現在、広州市から深圳市を経由して九龍に到る高速鉄道が建設中です。開通すれば、西九龍駅から広州南駅までの所要時間は48分と計画されており、広州南駅から中国各地に到る高速鉄道網とも直結されます。完成時には、政府は「一地両檢」を実施する計画です。西九龍駅に、中国本土側と香港側の出入境のチェックポイントを設け、出境と同時に入境手続きを完成できる構想です。

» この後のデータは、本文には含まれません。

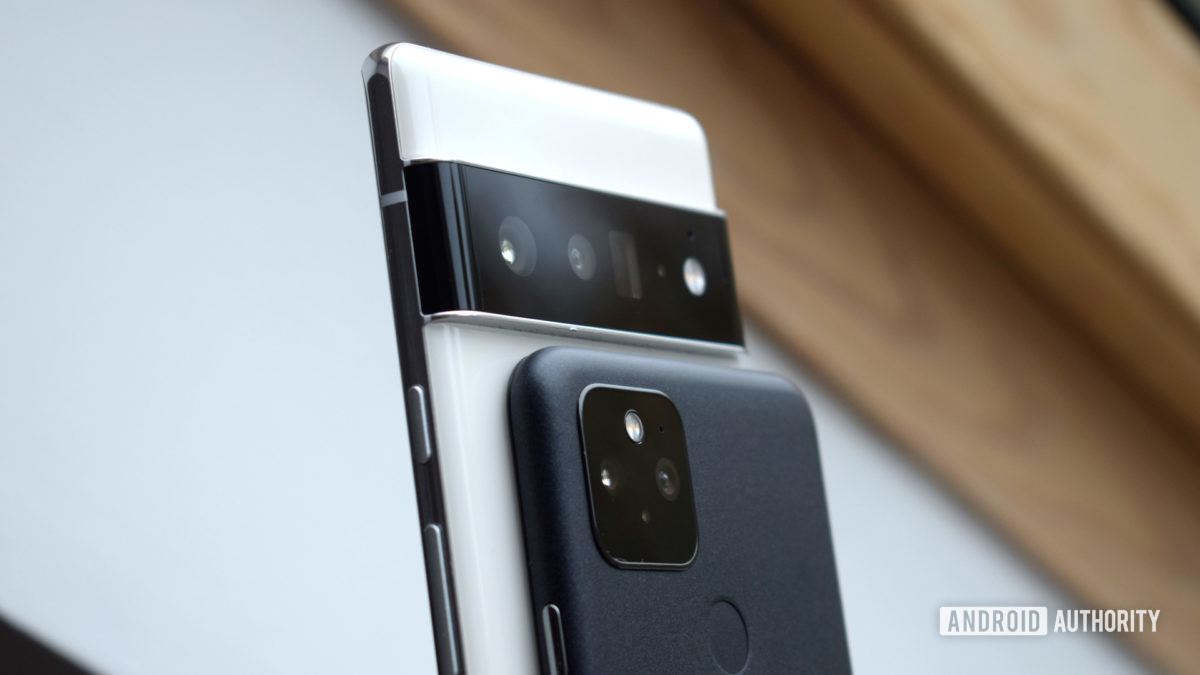 Google Pixel 6 Pro vs Google Pixel 5 camera angled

これは一見すると技術的な問題に過ぎず、かつ、利便性も高まるため、この「一地両檢」に特に問題はなさそうに見えますが、実はこの件が大きな政治問題に発展してしまっているのです。

根深い相互不信

「一地両檢」の実施のために、西九龍駅には本土側のチェックポイントが設置されます。そこでは本土の入管職員が勤務することになります。これは、香港内部で本土の官吏が本土の法を執行することを意味するため、民主派は「高度の自治」の侵害と見て反対しています。2016年に「銅鑼湾書店事件」が浮上すると、本土の公安が香港に常駐することは「越境法執行」を呼び込むとの議論も現れました。また、西九龍駅で本土への出入境手続きをする場合、香港域内を走る高速鉄道の車両内は本土側の司法管轄となります。仮に香港域内で列車事故が起きた場合、香港の救急隊が救援できるのか、あるいは車両が香港を走行している間、本土で使用不能のフェイスブックなどを使えるのかなどという点も議論されました。梁振英・前行政長官は「一地両檢」の実現を目指しましたが、論争性の高さに、任期中に具体案の発表はできませんでした。

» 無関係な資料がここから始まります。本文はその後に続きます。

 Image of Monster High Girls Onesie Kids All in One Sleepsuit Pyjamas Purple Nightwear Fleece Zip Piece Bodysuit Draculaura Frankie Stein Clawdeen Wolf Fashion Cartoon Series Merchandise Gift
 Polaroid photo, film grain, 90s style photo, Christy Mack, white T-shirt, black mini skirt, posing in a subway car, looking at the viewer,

林鄭月娥・行政長官の就任後の7月25日、政府は「一地両檢」の具体的方法案を発表しました。そのやり方は、基本法第20条の、全人代常務委員会が授与する権力を香港が享有するとの規定を利用して、全人代常務委が香港に「一地両檢」を実施する権力を授与するという、アクロバティックな方法でした。この方法に対しては、香港で大規模なデモや道路占拠が発生した場合、仮にデモ隊が占拠している場所を特区政府が中央政府の管轄に指定してしまえば、本土のやり方でデモの鎮圧が可能となるとの議論まで飛び出しました。

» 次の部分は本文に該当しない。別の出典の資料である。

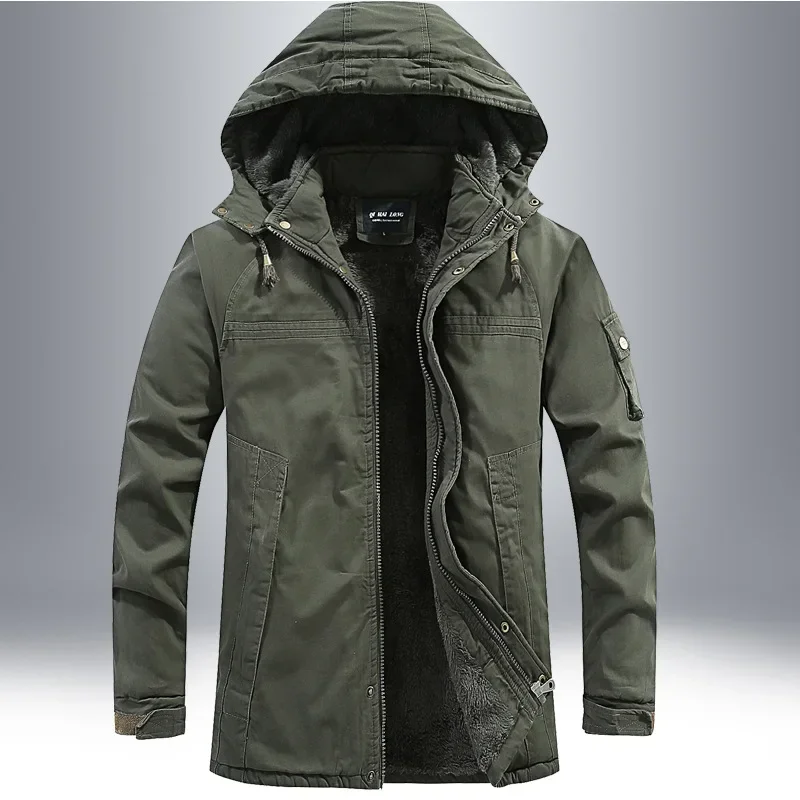 

Parkas Men Washed Cotton Thick Fleece Casual New Coat Military Windproof Hooded Jackets Winter Warm Tactical Jacket Men Outdoor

こうした民主派の反対論には強引なものも多いですが、互いの政治体制の大きな違いの故に、安易な「融合」を警戒するのは、香港側に限ったことではありません。

香港と深圳の西部を、海を跨いで結ぶ高速道路・西部通道では、すでに「一地両檢」が実施されています。ここでは西九龍駅とは逆に、深圳市内の人工島にチェックポイントを設け、そこで香港特区政府の入管当局者が出入境の法執行を行っています。この方式の導入の際、「一地両檢」は本土側で政治問題になりました。2006年8月、全人代常務委は、香港の司法管轄権をチェックポイントの位置まで拡大する議案を審議しましたが、深圳域内に香港の管轄地域を設けた場合、もし本土では非合法の法輪功がここでデモ活動などを行ったら、誰が法執行すべきかなどの問題への懸念が出て紛糾し、2カ月間の継続審議となりました。結局、西部通道は2007年7月1日の返還10周年に合わせて開通し、「一地両檢」が開始されましたが、香港と本土の間の不信感の根深さを思い知らされます。

民主派の抵抗はどこまで

政府は「一地両檢」実現のために必死の努力をしており、林鄭長官の就任後間もなく、高速鉄道の経済効果の広報活動などを開始し、「一地両檢」実現のための世論作りに尽力しました。さらに、立法会に政府が自ら「一地両檢」を支持するとの議案を提出して可決を求めるという異例の行動に出ました。しかし、民主派はこれに対して、繰り返し議場の在席議員数のカウントを求めたり、長い質問を行ったりの相変わらずの審議引き延ばし戦術で抵抗したのに加え、11月2日には傍聴席のメディアや市民を退席させることを求める動議を提出するという手段まで繰り出しました。勿論、この動議が通るはずもなく、民主派も最初から否決を前提とした行動であり、メディアや市民を締め出す意図はありませんでしたが、この動議の審議には1時間半が費やされ、とうとう「一地両檢」支持議案の採決は次回会議に持ち越されたのです。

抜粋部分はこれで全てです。